At the center of the politics were Tunoi J. and Kalpana DCJ.
Fairly young in the field, I went through law school without encountering a single decent Rawal or Tunoi jurisprudence. I never mentioned my disaffection to anyone though, since I associated it with a lack of initiative on my part rather than the incompetence of the judges. It’s only when a senior in the field confirmed their right leaning preferences that I realized I was right after all. According to him, Rawal’s appointment was actually due to her general standing than it was her seniority in the field.
An invaluable asset to the status quo, they had to be protected and if anything, their numbers shored up for the sake of a rainy day hence X, hence the discarded amendment to the JSC Act; hence the Tunoi Tribunal that was in all fairness designed to fail; hence the Government Printer’s refusal to gazette their exit.

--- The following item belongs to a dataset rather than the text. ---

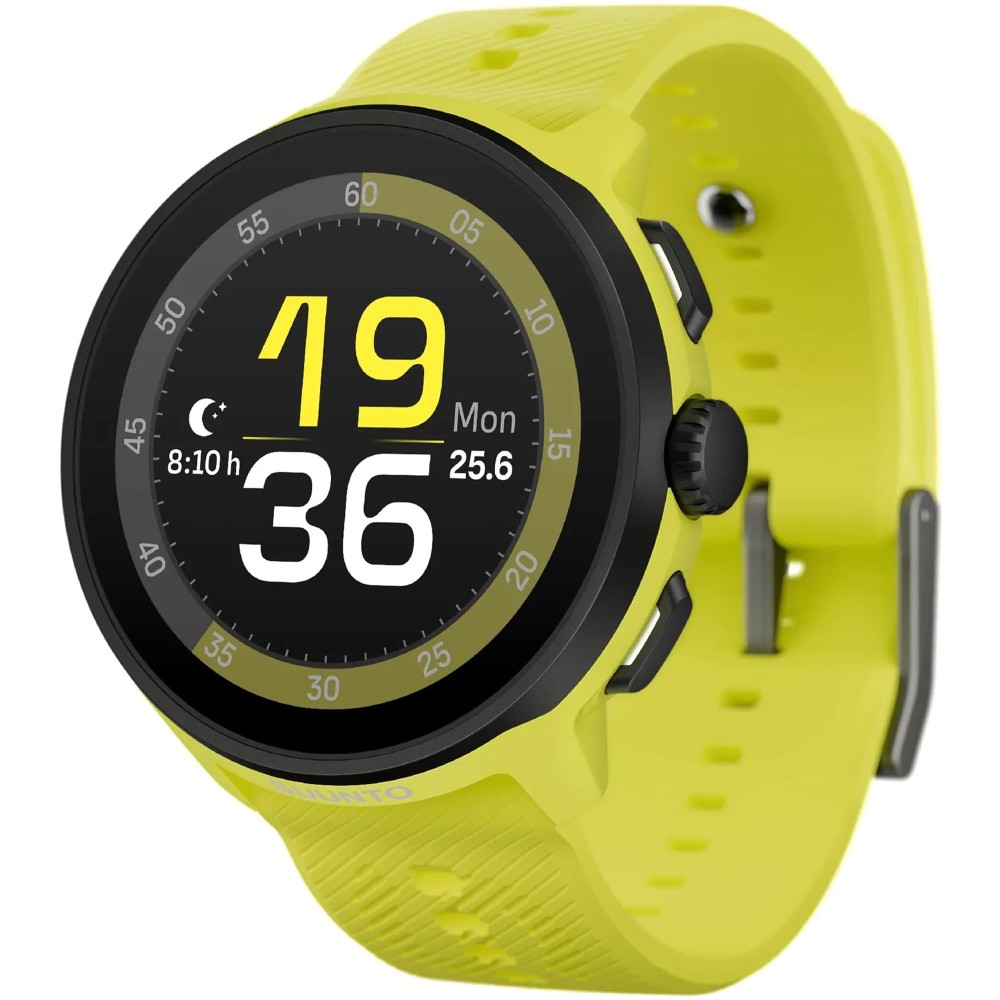Suunto Run Lime Silicone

Though the lower courts consistently thwarted his efforts, our lobbyist must have felt quite awesome thinking about the number of rabbits he was able to pull out of the hat just to keep the “majority decision” dream alive come the next presidential election petition. He drew his final act.
Ruthless Pragmatism
Being the careful planner that he is, he prepared for every eventuality, including the unlikely scenario that Willy Mutunga would overrule Ndung’u J and bring forward the hearing date for Rawal’s appeal. It never crossed his mind that Mohamed Ibrahim J would jump camp and side with the CJ when the question of the legality of the CJ’s action came up.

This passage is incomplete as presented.